WORK ORDER => What should be copied is the stretch of entries below from the line with "Image of man" up to and including the line with "Interior view of", exactly and without images.

RECORDS SUPPLIED =>
****************************************

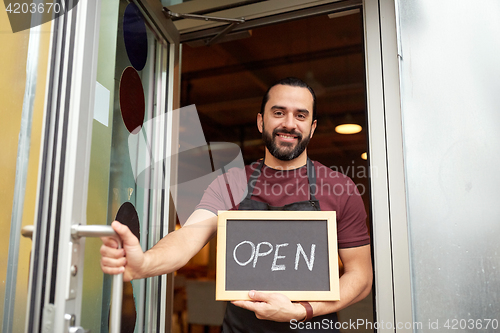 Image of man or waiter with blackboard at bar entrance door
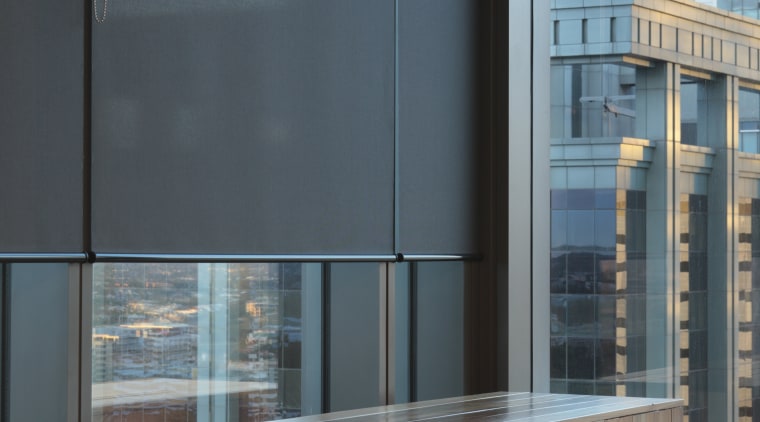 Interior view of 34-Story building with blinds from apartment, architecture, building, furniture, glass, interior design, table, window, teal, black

****************************************

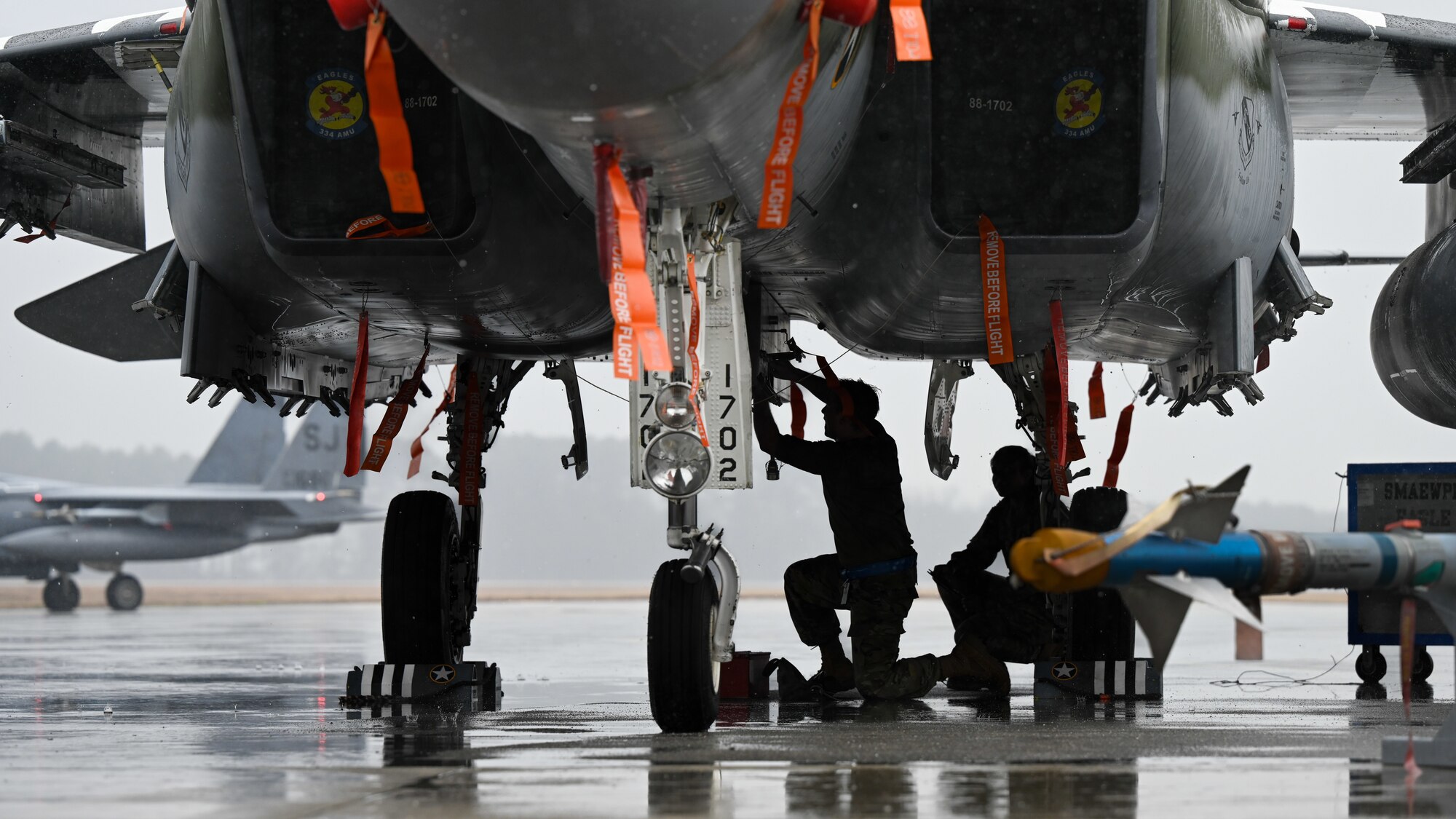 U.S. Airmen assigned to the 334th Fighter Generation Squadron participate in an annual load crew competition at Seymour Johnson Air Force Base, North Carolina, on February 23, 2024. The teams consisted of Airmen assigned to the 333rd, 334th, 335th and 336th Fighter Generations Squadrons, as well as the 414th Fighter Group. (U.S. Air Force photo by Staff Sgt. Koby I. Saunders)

****************************************

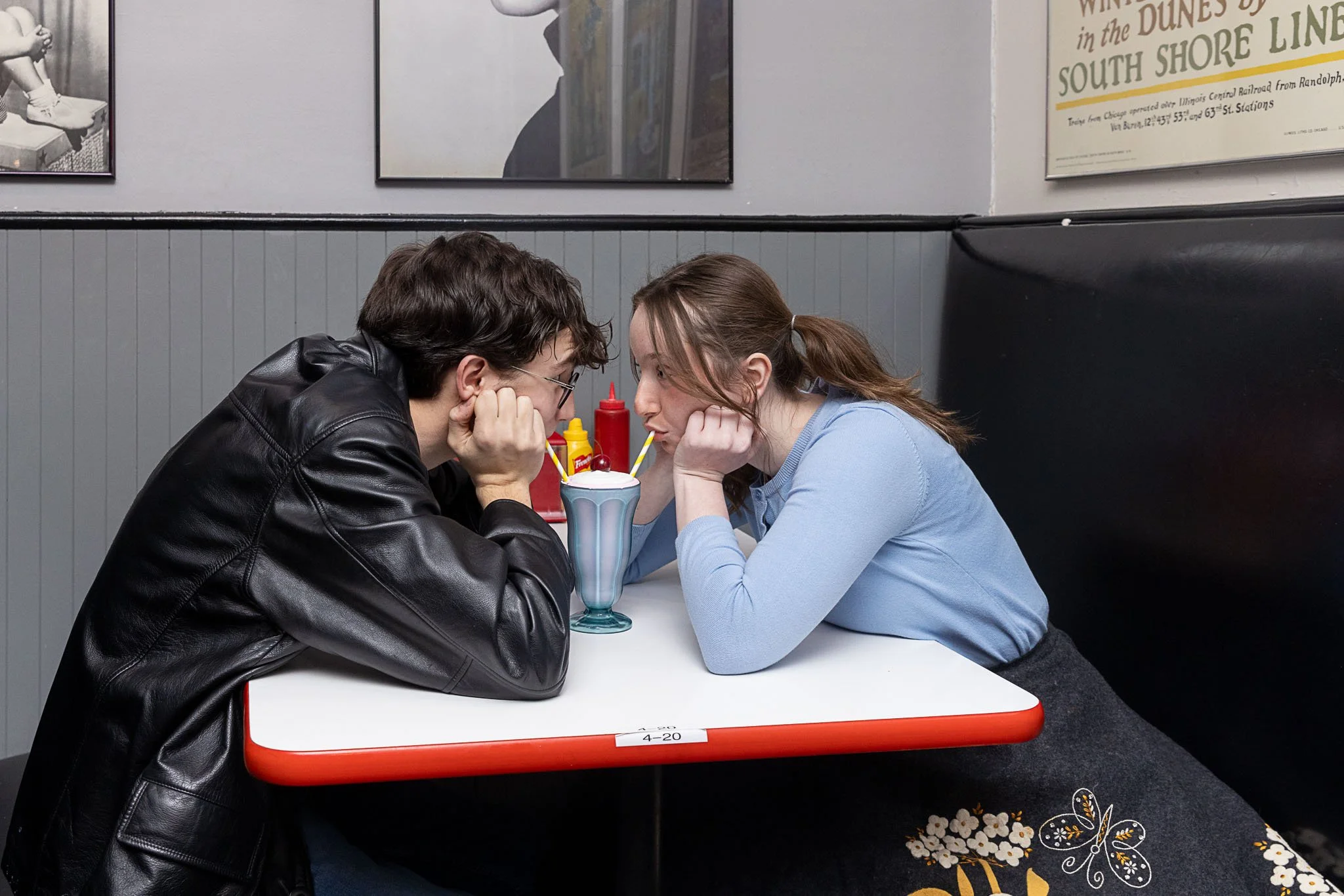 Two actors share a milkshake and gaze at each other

****************************************

FINISHED EXERCISE =>
 Image of man or waiter with blackboard at bar entrance door
 Interior view of 34-Story building with blinds from apartment, architecture, building, furniture, glass, interior design, table, window, teal, black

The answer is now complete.